James Walvin

Symposium

James Walvin BA (Keele), MA (McMaster), DPhil (York) is Professor at the University of York. Professor Walvin has two main research interests; modern British social history, and the history of black slavery (especially the Caribbean). He is the author or editor of numerous books in those fields and is co-editor of the journal Slavery and Abolition. Currently Professor Walvin is working on various aspects of the African diaspora. He is especially interested in the impact of Atlantic slavery on the development of modern Britain (post-1660).

The history of Atlantic slavery has been the centre of an expansive and innovative historiography in the past generation. Although the core of that history is located in West Africa and the Americas, it has fundamental implications for the way Britain developed. After all, the British transhipped more Africans across the Atlantic than any other nation in the 18th century.

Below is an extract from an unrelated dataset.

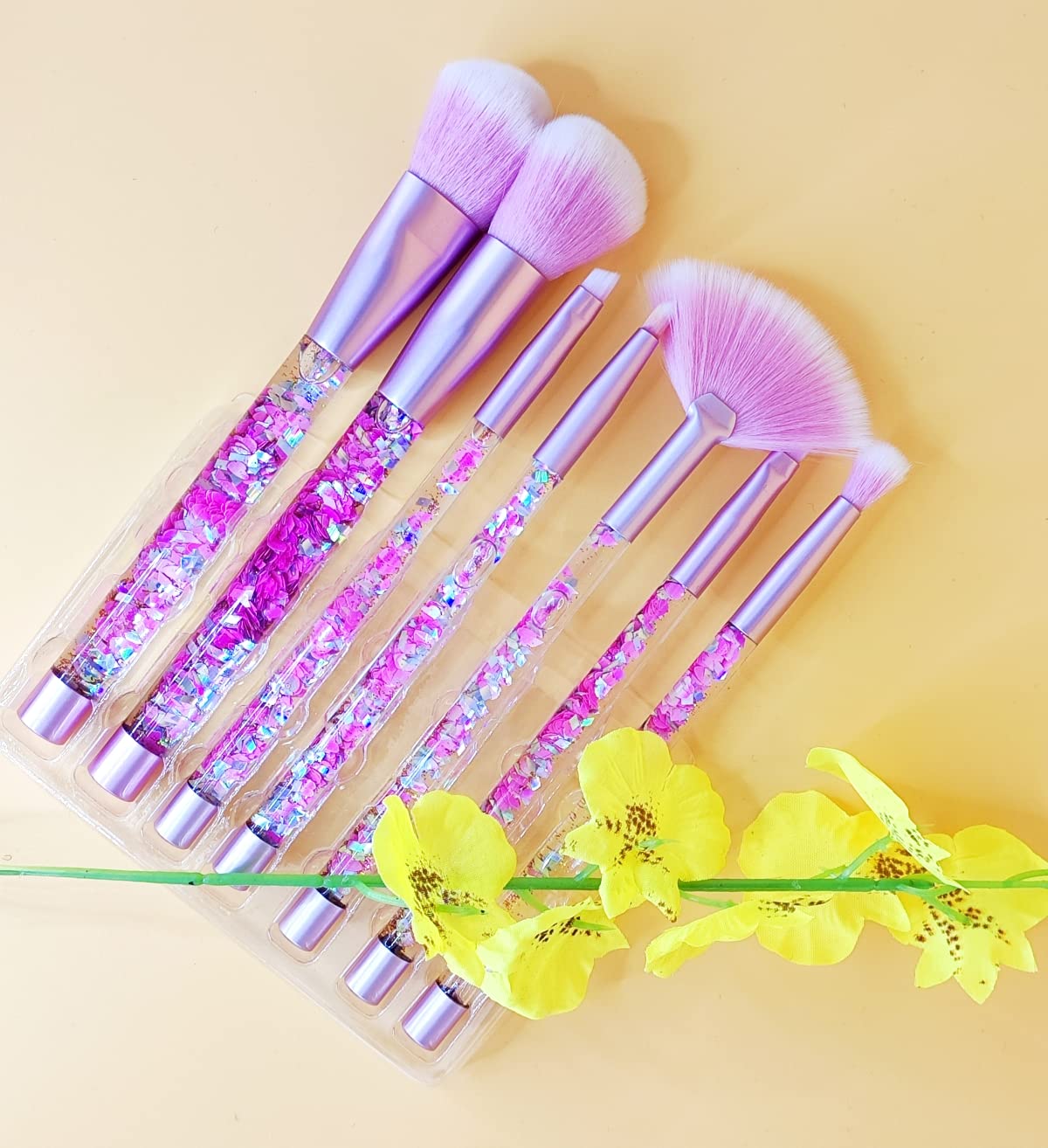 RAEEIKPHZ Powder brush helps even coverage for natural-looking results.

And the economic well-being which the British acquired from their slave trading and slave colonies, was instrumental in laying the foundations of a more broadly-base British prosperity.
Atlantic slavery, and British involvement with slavery, offers enormous scope for further research.

The holdings in the University of York library, in the Borthwick Institute, the Minster Library and the British Library at Boston Spa provide rich and varied facilities for students keen to undertake research on British slavery – and on the British campaign to end slavey (abolition).